Chi conosce la Giubiana?
Credo non in molti, se si esclude una parte della Lombardia e del Piemonte.
Allora, raccontiamo.
Intanto si tratta di una festa, il che non è mai male. Festa della Giubiana,
appunto, o Giobia o Giobiana o
Giubiascia. Nome di origine
incerta, perché alcuni lo fanno discendere dal culto di Giunone, altri
direttamente dal dio latino Jupiter-Jovis, da cui Giovia e quindi Giobia, a
indicare le feste contadine di inizio anno, per propiziarsi le forze della
natura che, secondo la credenza popolare, condizionano l’andamento dei
raccolti.
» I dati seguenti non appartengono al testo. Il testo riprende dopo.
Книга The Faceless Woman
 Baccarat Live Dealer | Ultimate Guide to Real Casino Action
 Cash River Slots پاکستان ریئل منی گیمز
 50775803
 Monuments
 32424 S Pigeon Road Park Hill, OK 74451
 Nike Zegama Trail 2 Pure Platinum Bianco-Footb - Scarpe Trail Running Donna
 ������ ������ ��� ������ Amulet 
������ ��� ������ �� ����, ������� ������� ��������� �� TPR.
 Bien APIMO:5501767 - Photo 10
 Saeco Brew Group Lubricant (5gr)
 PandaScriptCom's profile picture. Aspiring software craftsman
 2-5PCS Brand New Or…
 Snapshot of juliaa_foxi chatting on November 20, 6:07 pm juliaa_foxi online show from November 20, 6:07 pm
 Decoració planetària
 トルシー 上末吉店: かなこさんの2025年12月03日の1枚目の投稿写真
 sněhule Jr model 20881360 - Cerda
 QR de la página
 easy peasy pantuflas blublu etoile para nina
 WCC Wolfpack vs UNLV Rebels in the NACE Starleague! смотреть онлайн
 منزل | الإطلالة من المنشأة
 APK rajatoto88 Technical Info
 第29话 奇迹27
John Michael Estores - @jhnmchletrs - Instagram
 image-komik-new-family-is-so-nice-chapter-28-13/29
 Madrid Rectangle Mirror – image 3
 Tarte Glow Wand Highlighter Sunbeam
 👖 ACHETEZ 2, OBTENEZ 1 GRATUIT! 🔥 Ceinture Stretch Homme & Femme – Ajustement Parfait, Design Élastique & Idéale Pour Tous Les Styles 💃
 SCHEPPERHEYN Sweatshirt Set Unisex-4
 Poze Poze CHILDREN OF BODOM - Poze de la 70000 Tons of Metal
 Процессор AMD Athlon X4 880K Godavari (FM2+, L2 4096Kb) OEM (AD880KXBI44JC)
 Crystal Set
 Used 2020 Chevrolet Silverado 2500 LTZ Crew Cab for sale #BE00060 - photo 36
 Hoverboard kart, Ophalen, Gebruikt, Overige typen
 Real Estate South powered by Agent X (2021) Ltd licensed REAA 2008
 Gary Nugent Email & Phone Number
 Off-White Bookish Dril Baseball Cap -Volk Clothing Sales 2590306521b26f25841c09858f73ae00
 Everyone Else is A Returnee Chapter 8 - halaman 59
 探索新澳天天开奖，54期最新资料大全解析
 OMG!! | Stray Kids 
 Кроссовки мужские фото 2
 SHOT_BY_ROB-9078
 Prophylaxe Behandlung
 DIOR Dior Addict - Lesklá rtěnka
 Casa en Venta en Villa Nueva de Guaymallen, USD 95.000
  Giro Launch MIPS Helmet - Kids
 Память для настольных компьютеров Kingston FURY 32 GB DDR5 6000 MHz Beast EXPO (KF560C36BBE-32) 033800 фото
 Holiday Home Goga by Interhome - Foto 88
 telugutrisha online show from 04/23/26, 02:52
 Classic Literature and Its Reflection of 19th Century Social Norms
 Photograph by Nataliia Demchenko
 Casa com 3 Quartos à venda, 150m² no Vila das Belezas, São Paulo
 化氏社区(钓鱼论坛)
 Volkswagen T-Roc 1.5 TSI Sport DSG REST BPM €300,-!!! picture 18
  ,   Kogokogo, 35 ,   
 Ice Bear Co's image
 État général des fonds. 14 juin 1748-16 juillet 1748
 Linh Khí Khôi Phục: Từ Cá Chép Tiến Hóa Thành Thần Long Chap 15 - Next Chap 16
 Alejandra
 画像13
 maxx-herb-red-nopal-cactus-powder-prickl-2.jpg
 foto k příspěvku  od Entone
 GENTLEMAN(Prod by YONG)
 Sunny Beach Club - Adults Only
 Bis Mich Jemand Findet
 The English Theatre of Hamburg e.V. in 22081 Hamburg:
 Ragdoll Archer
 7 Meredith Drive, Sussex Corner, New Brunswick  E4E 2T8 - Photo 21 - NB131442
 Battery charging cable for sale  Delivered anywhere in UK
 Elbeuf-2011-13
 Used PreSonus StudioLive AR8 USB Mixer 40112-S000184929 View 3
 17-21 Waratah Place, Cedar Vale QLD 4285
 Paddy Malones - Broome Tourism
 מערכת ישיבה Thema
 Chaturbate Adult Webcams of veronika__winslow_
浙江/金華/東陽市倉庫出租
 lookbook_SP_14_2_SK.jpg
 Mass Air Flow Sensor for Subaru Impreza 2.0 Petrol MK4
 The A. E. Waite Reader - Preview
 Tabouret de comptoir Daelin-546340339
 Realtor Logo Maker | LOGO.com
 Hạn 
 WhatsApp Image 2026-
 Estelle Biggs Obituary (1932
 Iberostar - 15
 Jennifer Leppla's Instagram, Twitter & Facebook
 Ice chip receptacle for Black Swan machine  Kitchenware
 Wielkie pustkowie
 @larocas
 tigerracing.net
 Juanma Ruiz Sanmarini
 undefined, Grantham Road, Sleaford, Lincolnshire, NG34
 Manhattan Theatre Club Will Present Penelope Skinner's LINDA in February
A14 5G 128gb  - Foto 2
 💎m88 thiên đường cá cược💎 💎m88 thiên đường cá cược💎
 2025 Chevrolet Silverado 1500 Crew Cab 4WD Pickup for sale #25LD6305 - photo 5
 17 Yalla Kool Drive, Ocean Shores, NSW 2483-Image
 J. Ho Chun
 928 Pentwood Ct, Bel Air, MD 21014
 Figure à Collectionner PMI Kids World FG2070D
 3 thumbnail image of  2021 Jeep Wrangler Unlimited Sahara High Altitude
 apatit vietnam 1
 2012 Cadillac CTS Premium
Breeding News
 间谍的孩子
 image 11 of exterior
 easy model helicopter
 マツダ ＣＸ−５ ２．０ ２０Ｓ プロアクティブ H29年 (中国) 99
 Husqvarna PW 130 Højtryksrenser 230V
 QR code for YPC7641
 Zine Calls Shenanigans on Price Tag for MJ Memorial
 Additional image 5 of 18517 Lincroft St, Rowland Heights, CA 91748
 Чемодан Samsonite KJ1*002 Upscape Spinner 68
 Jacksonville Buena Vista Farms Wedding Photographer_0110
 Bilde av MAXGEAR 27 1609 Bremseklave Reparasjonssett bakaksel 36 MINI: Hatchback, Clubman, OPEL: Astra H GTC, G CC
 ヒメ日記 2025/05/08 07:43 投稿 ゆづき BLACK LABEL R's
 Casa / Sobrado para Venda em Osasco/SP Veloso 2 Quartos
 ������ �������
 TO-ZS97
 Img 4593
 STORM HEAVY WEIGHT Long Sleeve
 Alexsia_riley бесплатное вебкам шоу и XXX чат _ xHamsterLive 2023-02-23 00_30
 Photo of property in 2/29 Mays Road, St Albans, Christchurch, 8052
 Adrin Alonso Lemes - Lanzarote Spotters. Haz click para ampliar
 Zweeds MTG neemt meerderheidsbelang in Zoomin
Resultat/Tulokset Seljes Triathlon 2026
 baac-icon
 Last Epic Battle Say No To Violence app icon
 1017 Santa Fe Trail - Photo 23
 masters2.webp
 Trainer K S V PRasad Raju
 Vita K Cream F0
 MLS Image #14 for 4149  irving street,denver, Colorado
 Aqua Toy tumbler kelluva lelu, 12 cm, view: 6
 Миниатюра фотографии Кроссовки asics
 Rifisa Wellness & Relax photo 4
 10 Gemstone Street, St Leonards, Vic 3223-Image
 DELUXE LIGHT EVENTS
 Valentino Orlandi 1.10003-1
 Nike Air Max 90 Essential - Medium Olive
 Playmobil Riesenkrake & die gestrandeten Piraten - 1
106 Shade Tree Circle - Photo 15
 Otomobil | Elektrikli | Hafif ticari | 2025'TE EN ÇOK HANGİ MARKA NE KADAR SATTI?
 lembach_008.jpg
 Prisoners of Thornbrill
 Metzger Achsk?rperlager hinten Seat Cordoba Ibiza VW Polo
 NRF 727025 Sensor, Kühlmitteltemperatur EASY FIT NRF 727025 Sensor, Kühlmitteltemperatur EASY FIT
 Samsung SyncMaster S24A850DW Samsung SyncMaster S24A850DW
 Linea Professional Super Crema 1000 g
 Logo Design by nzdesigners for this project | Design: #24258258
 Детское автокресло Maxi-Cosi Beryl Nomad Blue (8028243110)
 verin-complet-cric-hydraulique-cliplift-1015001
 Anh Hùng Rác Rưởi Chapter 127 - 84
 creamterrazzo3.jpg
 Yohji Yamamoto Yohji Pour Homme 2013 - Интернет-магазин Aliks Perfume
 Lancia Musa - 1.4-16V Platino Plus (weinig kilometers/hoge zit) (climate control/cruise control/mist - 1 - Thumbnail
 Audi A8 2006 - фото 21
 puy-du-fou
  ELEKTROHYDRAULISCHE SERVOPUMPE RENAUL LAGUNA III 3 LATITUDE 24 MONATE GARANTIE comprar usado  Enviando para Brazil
Giobbia, nel dialetto piemontese, significa giovedì. E, non a caso, tutto succede
nell’ultimo giovedì di gennaio.
In questo giorno/notte del
primo, lungo e freddo mese dell’anno, in alcune zone della Lombardia – Brianza, Altomilanese, Varesotto e Comasco
- e in Piemonte, è usanza
accendere grandi falò nelle piazze e bruciare sul rogo un fantoccio di paglia vestito di stracci. La strega. Che, in questo caso, è
associata all’inverno, le cui
forze negative vengono annientate dal fuoco per lasciar spazio alla
primavera. E’, questa, una
tradizione di origine antica, addirittura pre-cristiana. Tuttavia, non sempre
le sembianze sono quelle di una vecchia lacera e ansiogena. A Cantù sul rogo ci
finisce un pupazzo che ricorda una donna bellissima. Anche le leggende hanno il
loro peso.
Storia numero 1. La
giovane bellissima rappresenta una castellana che, invece di difendere, tradì
la propria città, forse nella guerra tra milanesi e comaschi nel XII secolo.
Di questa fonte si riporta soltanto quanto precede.